# IEC- getting a job in Canada



## katieanna (Feb 21, 2012)

Hello,

I'm coming over to Canada (Toronto, for the most part) under the IEC work permit programme. I just wondered if any of you who are already over there or have worked in Canada in the past could confirm how easy or difficult you found it to get temporary/contract/seasonal work?

I'm not interested in working at ski resorts, which is what most people seem to be doing. I have a background in arts admin, higher education, and the creative industries, and would ideally like to get work in this field, but I will consider anything that pays the bills. (Office work, shops, bars, cinemas, cafes.) Did you find you encountered obstacles due to not having permanently residency? Any tips?!

Katie


----------



## onewayticket (Jan 20, 2012)

With your willingness to work in a few different areas you really shouldn't have a problem. This is especially true if you're basing yourself in Toronto which has the opportunities that any metropolis will give you.
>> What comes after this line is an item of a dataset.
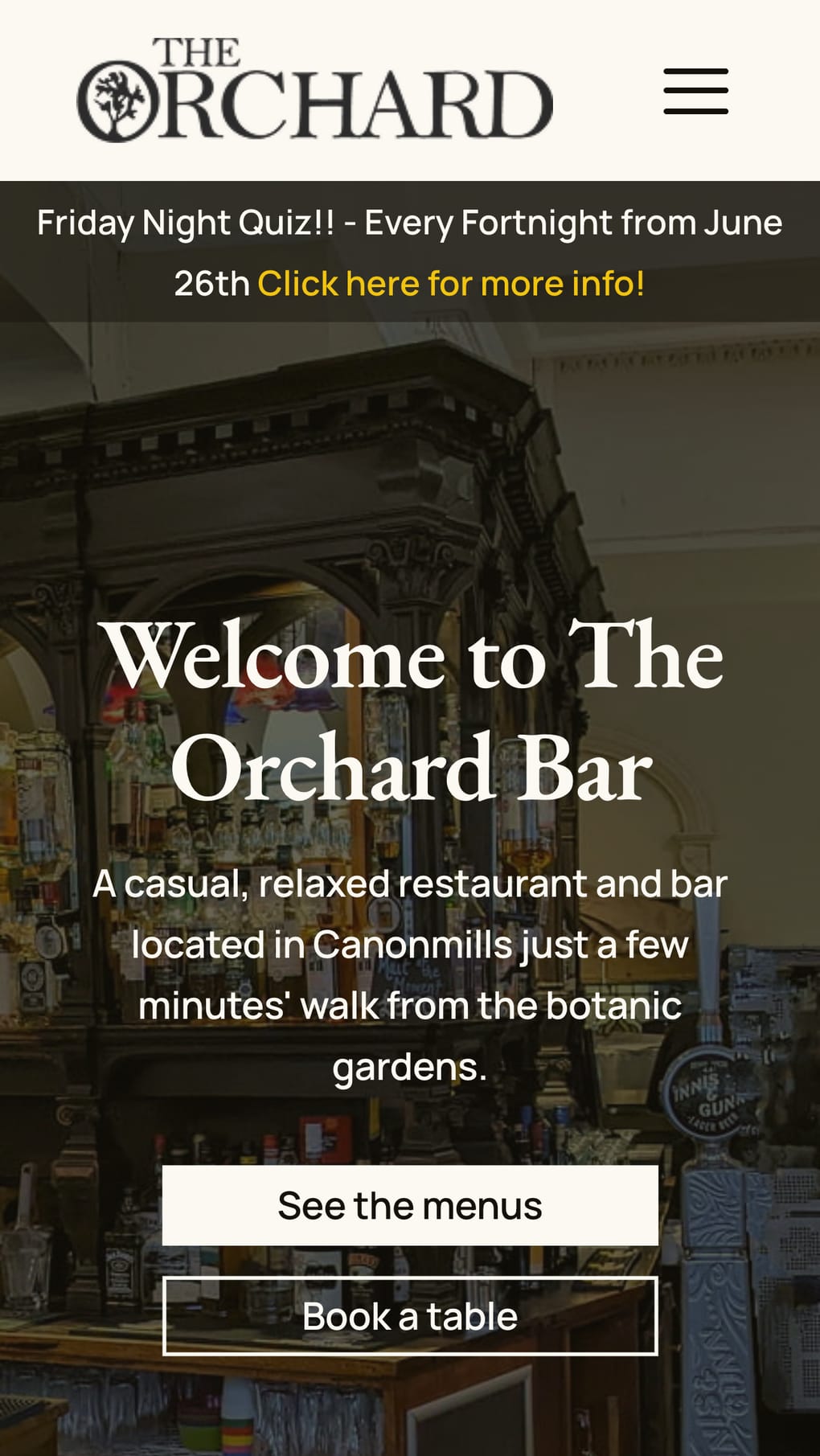 The rebuilt site on a phone: the bar photograph fills the screen behind the Welcome to The Orchard Bar heading, with See the menus and Book a table buttons stacked below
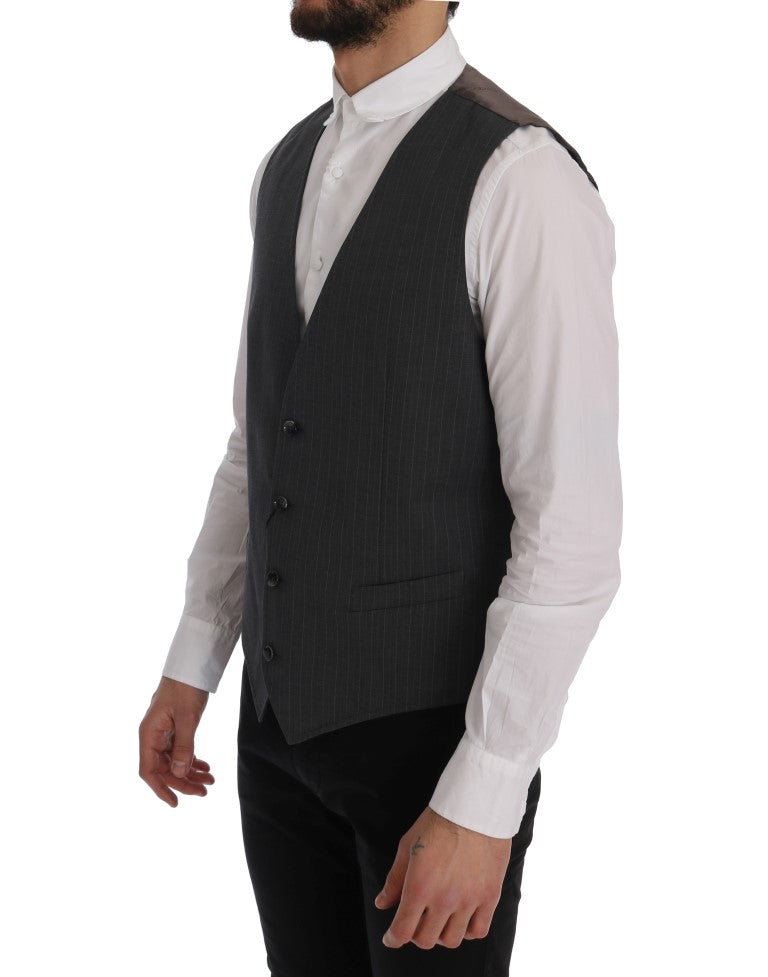 Dolce &amp; Gabbana Elegant striped gray vest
If you need something soon after landing then look at temp agencies for short term/ contract work. Start contacting a few and put the feelers out there and see what comes back. You may find it a little more difficult to get into the particular creative industry you want to though working an initial job where you meet lots of people will help you network.

Canada has a lot of new immigrants and temp workers so you shouldn't get too much push back. Yes there are certainly some people who have pre conceived ideas about working holiday makers though there are plenty of employers out there. Resumes in Canada don't require you to provide too much information so I wouldn't include your visa status, except perhaps in a specific cover letter. I have found that telling employers you have a reason to be staying here a while(family friends etc) helps to make them more comfortable that you won't up and leave in a few weeks. A year (or the option of more) is fine for many employers, especially in jobs that don't require lengthy training. My biggest problem was that all my employment history was short term as I was always moving countries so it just took a bit of reassuring to new employers.

Other people here might have different struggles though I haven't encountered many problems. Having a good command of the English language (or French in Quebec) and being well presented goes a long way!!


----------